1. A thermal regenerator comprising:

a wall enclosing a regenerator space with an inlet at one end of said wall and an outlet at the other end of said wall to define a flow direction, grooves in said wall, said grooves having a width, said grooves being oriented at an angle with respect to the flow direction;

regenerator packing positioned within said regenerator and constrained by said walls, said regenerator packing being formed of discrete members which can exchange heat with gas passing through said regenerator packing, said discrete members having a major dimension at least as small as the width of said grooves.

2. The regenerator of claim 1 wherein said grooves are annular grooves substantially at right angles to the flow direction.

3. The regenerator of claim 2 wherein said regenerator packing comprises metallic spheres made principally of lead.

4. The regenerator of claim 1 wherein there is a wool felt pad adjacent at least one end of said regenerator and a screen is positioned against said wool felt pad so that said regenerator packing is compressed by said wool felt pad and is separated from said wool felt pad by said screen.

5. The regenerator of claim 4 wherein there is a wool felt pad and a screen at each end of said regenerator.

6. The regenerator of claim 5 wherein said regenerator packing is metal substantially in the form of spheres and principally made out of lead and said lead screen on said wool felt pad has sufficiently small openings to prevent said spheres from passing said screen and entering said wool felt pad.

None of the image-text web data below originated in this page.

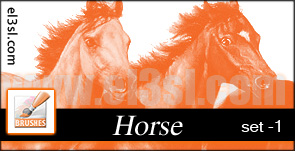 PHs...Horse..Brushes. set 1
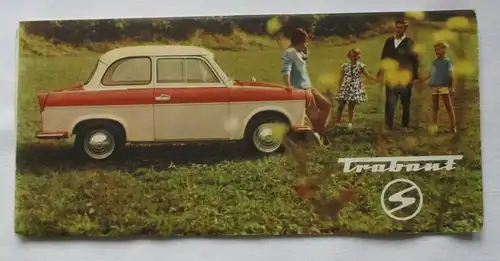 Seltenes Reklame Prospekt Trabant VEB Sachsenring Zwickau 1962 (114194)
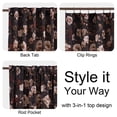 thumbnail image 2 of NICETOWN Black Velvet Curtains 84 inches Long, Vintage Floral Velvet Curtains Room Darkening Thermal Insulated Drapes for Bedroom Living Room, 52"x84", 2 Panels, 2 of 8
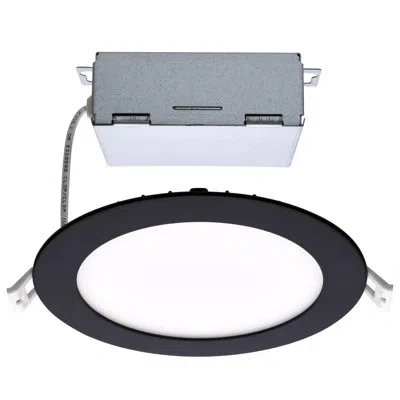 Satco 6'' Selectable Color Temperature 12 Watt Dimmable Air-tight Ic Rated Led Canless Recessed Lighting K In Black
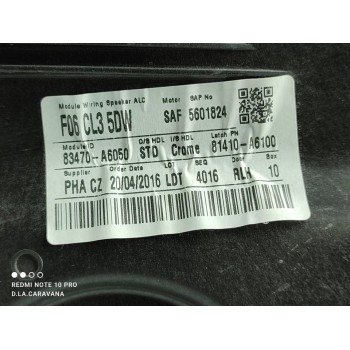 Recambio de elevalunas trasero izquierdo para hyundai i30 (gd) style referencia OEM IAM 83470A6050  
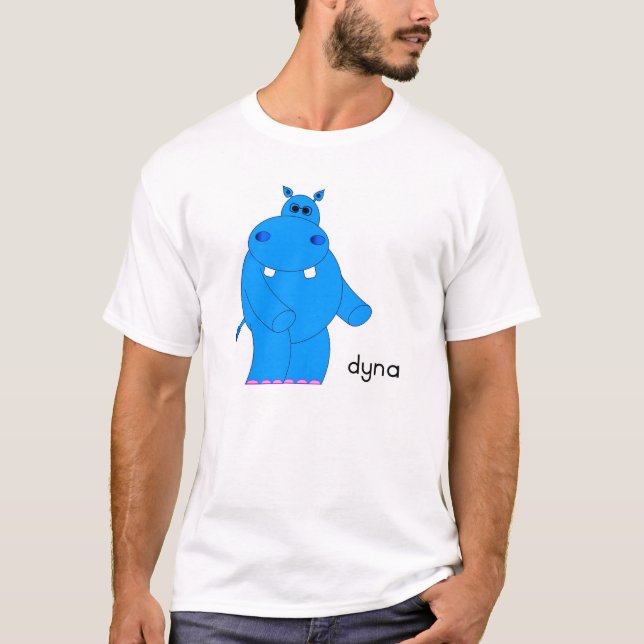 Dyna Flusspferd T-Shirt (Vorderseite)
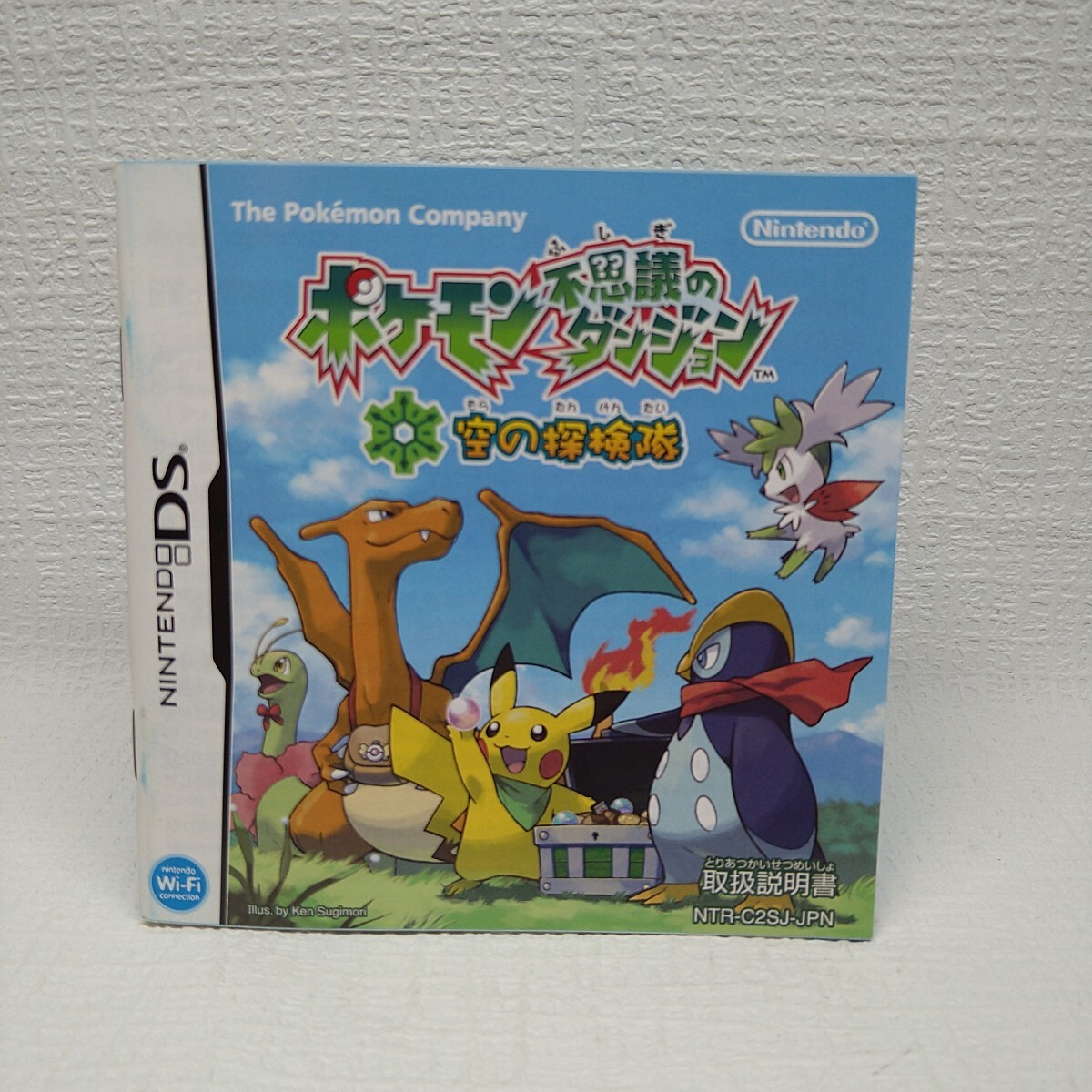 新品本物 DS】/ 管理 説明書のみ 空の探検隊 ポケモン不思議のダンジョン ロールプレイング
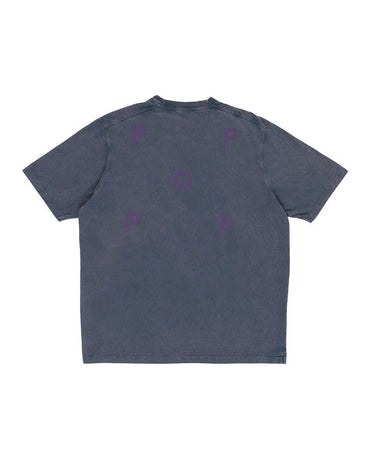 Pop Trading Company logo t-shirt washed navy/mysterioso - KYOTO - Pop Trading Company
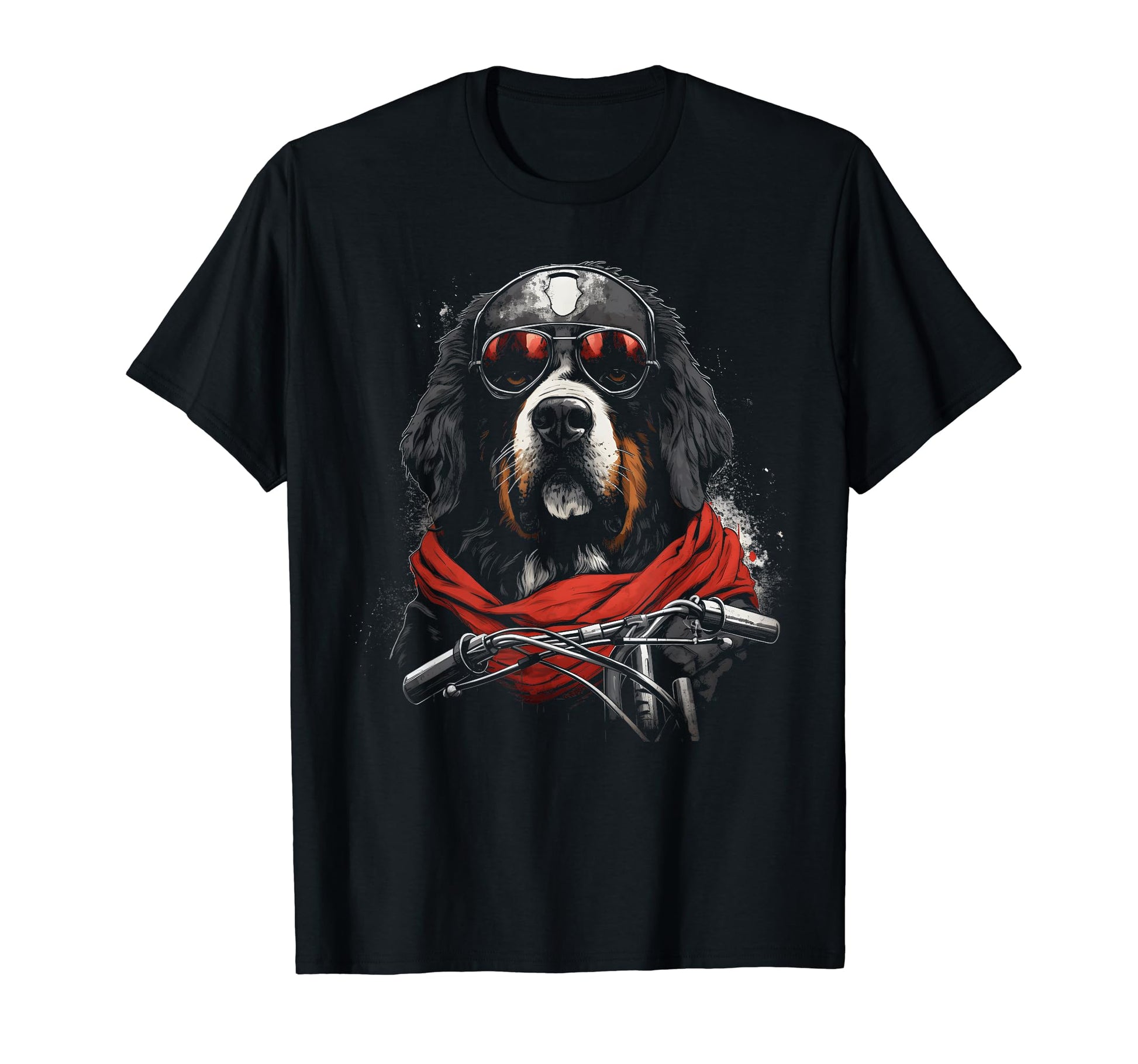 Motorcycle Dad Biker Bernese Mountain T-Shirt - Streetwear Style Unisex - T-Shirt, Sweatshirt, Hoodie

7. The regenerator of claim 4 wherein said regenerator packing is metal substantially in the form of spheres and principally made out of lead and said lead screen on said wool felt pad has sufficiently small openings to prevent said spheres from passing said screen and entering said wool felt pad.

8. The regenerator of claim 7 wherein said grooves are arranged at substantially right angles with respect to the flow direction.

9. The regenerator of claim 8 wherein said grooves are annular.

10. The cryogenic regenerator of claim 1 wherein said regenerator walls comprise a substantially cylindrical outer wall having an inner surface and a substantially cylindrical inner wall on the same axis and having an outer surface with said regenerator space annularly positioned between said walls, a cryogenic gas piston positioned within said inner wall, with the spaces on opposite ends of said piston being connected at opposite ends of said regenerator so that said regenerator is annular around said piston.

11. The regenerator of claim 10 wherein there is a wool felt pad adjacent at least one end of said regenerator and a screen is positioned against said wool felt pad so that said regenerator packing is compressed by said wool felt pad and is separated from said wool felt pad by said screen.

12. The regenerator of claim 11 wherein there is a wool felt pad and a screen at each end of said regenerator.

13. The regenerator of claim 12 wherein said regenerator packing is metal substantially in the form of spheres and principally made out of lead and said lead screen on said wool felt pad has sufficiently small openings to prevent said spheres from passing said screen and entering said wool felt pad.

14. The regenerator of claim 13 wherein said grooves are arranged at substantially right angles with respect to the flow direction.

15. The regenerator of claim 14 wherein said grooves are annular.